The required result is an exact copy of every line from the one with "Balboa Water Group" through the last line below, with the pictures left out.

[Data provided]

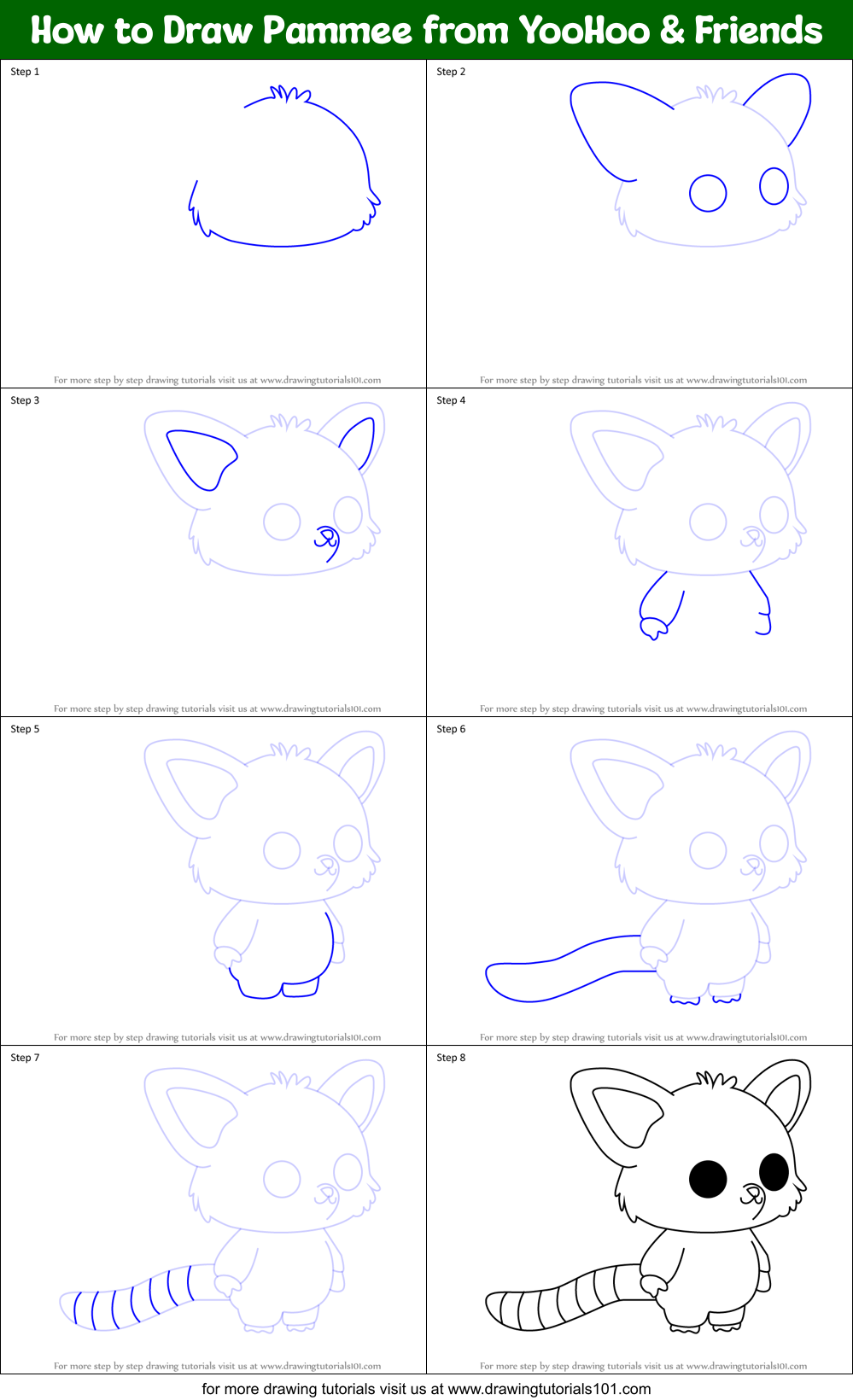 How to Draw Pammee from YooHoo & Friends Printable Step by Step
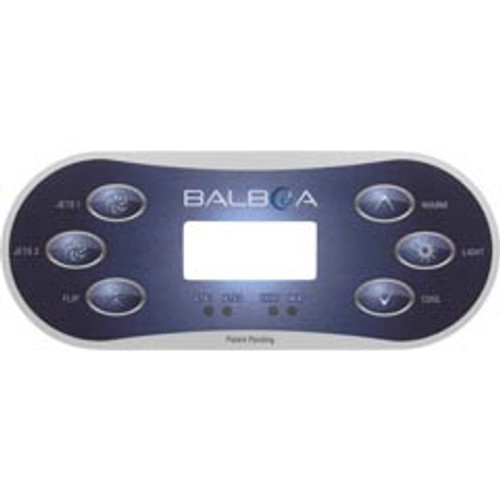 Balboa Water Group 12198 Overlay, HQ-BWG TP600, P1,P2, Flip,Lt, Temp, LCD blu/wht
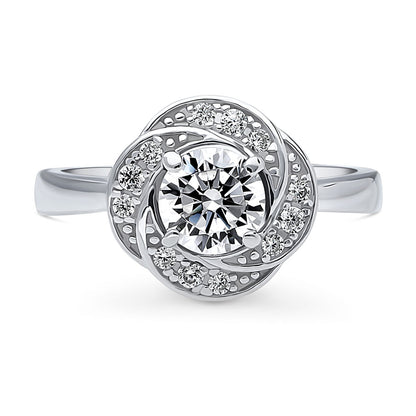 Flower Woven Halo CZ Ring in Sterling Silver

[/Data provided]

» Solved problem
 Balboa Water Group 12198 Overlay, HQ-BWG TP600, P1,P2, Flip,Lt, Temp, LCD blu/wht
 Flower Woven Halo CZ Ring in Sterling Silver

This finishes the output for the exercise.